All these statements are meaningless, if we must carefully isolate transgression from Sin-in-the-flesh. And if Sin-in-the-flesh (the Diabolos) was the aspect of sin upon which the condemnation of Sin specifically fell (in the crucifixion), then clearly it is no minor or inconsequential aspect. Further, even more importantly, if we separate it from actual transgression, then actual transgression did not get condemned at all for there was no actual transgression in Christ to be condemned.

When God condemned Sin by condemning the Diabolos in the sinless Christ, He inseparably linked all aspects of sin together - or active sin was not condemned.

Brethren Thomas and Roberts taught that the laying of our sins upon Christ was not by mere type or symbol or imputation (like the animal sacrifices), but by an actual reality IN HIS BODY. That is, that our sins were "laid on him" in his being born of our condemned Sin's-flesh race: in his actual partaking of Sin's Flesh, the flesh in which the Diabolos, SIN, resided in every cell and fibre.

And that, having been so born into the condemned race, he himself inseparably from all his brethren - required to come under God's appointed sacrificial cleansing for the race. This is the reality and unity that connects us with him, and makes it righteously possible for his cleansing to purify us. Brethren Thomas and Roberts say:

"The flesh was the 'filthy garments' with which the Spirit Word was clothed: the 'iniquity of us all' that was laid upon him (Isa. 53: 6.)" -Eureka I, page 108

"If the principle of corruption had not pervaded the flesh of Jesus ... SIN could not have been condemned there, nor could he have borne our sins IN his own body." - Eureka I, page 203

"To be 'made sin' for others is to become flesh and blood." -Eureka I, page 247

"The 'filthy garments' of flesh, styled his 'iniquity' (Zech. 3:4)." -Eureka II, page 19

""Iniquities laid on him': this is a figurative description of what was literally done in God sending forth His Son, made of a woman (Adamic), made under the Law (Mosaic), to die under the combined curse . . . This was laid on Jesus in his being made of our nature." - Christadelphian, 1873, page 400

"The ceremonial imposition of sins upon the animals was the type. The real 'putting of sin' on the Lamb of God, in the bestowal of a prepared sin-body wherein to die, is the substance." -Christadelphian, 1873, page 462

Some quote a few statements by brother Roberts purportedly out of harmony with the vast bulk of his writings, as above illustrated. There are no contradictions. Objectors were always trying to get brother Roberts to say what would have happened, or what might have been required "if": IF certain facts about Christ were different; IF he had been entirely alone; IF he alone were to be saved.

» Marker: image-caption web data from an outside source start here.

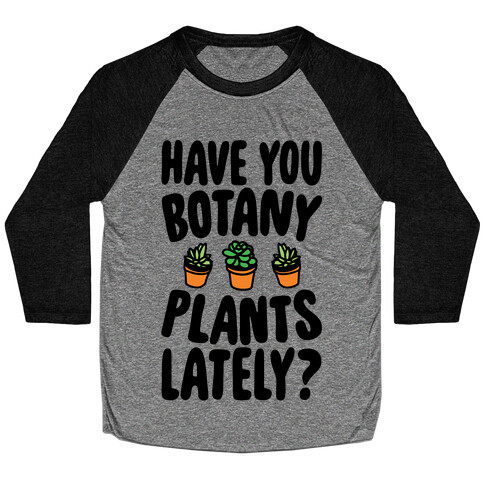 Have You Botany Plants Lately Baseball Tee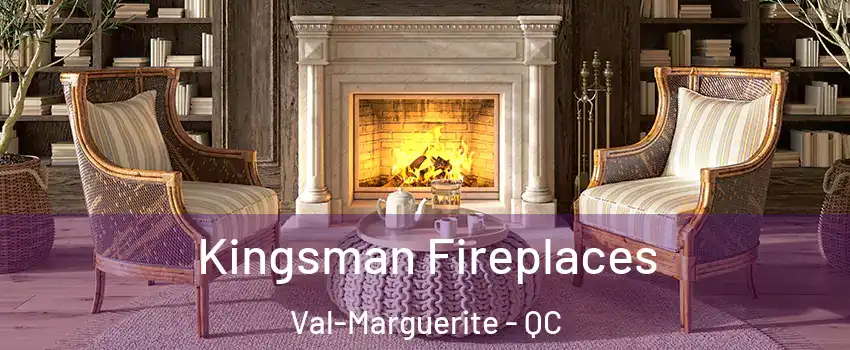  Kingsman Fireplaces Val-Marguerite - QC
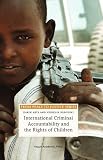 International Criminal Accountability and the Rights of Children (From Peace to Justice Series)
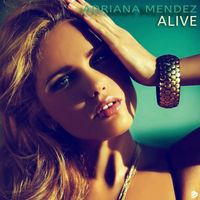 Adriana Mendez - Alive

This tack is not only unprofitable, but very mischievous and dangerous. Our wisdom is to take the complete Divine pattern of Truth as it is. To speculate on theoretical alternatives is presumption.

Christ cannot possibly be separated from his work for mankind. Immediately we separate him, even "for the sake of argument," we destroy the whole picture, and have nothing profitable to discuss. It is all or nothing: God's way in its completeness, the divine facts as they are - or no way at all.

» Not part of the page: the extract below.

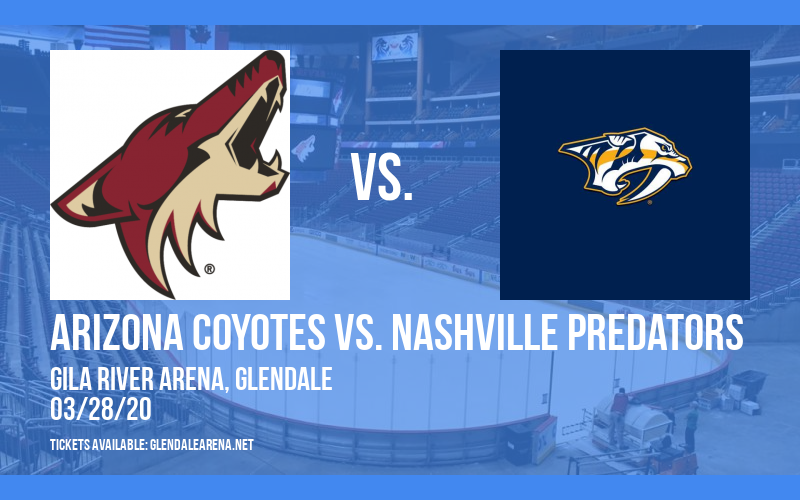 Arizona Coyotes vs. Nashville Predators [CANCELLED] at Gila River Arena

Let us resolutely refuse to be drawn into the "what if" morass. Brother Roberts strenuously resisted this approach, but sometimes under pressure very guardedly yielded to it to help a confused questioner, or answer a pressing debater. Example:

"QUESTION: What would have been the consequences had Christ died a natural death?

"ANSWER: Had the will of God been so, his resurrection would have followed immediately, and our salvation equally secured. For the triumph lay here: that he rose after dying for sin. But a natural death would not have been the same trial of Christ's obedience ... It does not appear that the mode of death would have made any difference to the result as regards us, except insofar as might have borne on the question of Christ's obedience." - Christadelphian, 1873, page 322

Clearly it is all a matter of Divine appointment. IF God had appointed natural death for the cleansing of sin, it would have sufficed. The way He chose obviously served His purpose better. Note that brother Roberts correctly observes that in such a case, it would have sufficed for the salvation of ALL, not just Christ himself. But it is a profitless supposition. We are concerned with what God DID appoint as the way, not speculation about what He didn't.

But, some insist, by himself, apart from the race, did Christ need a purifying bloodshed sacrifice? It is utterly impossible to consider Christ "by himself, apart from the race." There is no such thing: we are playing with hypothetical nothings.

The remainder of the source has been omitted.